- Exercise directions -
Write out precisely the lines beginning with the line that contains "Laser nivel Strend" and ending with the last line of the entries, and no other lines.

[Information supplied — start]

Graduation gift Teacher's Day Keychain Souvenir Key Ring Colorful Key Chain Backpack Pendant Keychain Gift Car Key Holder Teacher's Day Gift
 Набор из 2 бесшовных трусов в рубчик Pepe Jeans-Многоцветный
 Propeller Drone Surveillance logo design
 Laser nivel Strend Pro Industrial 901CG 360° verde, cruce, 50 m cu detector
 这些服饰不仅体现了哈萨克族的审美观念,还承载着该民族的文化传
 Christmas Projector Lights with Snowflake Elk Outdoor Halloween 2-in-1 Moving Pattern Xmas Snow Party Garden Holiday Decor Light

[Information supplied — finish]

- Solved problem -
 Laser nivel Strend Pro Industrial 901CG 360° verde, cruce, 50 m cu detector
 这些服饰不仅体现了哈萨克族的审美观念,还承载着该民族的文化传
 Christmas Projector Lights with Snowflake Elk Outdoor Halloween 2-in-1 Moving Pattern Xmas Snow Party Garden Holiday Decor Light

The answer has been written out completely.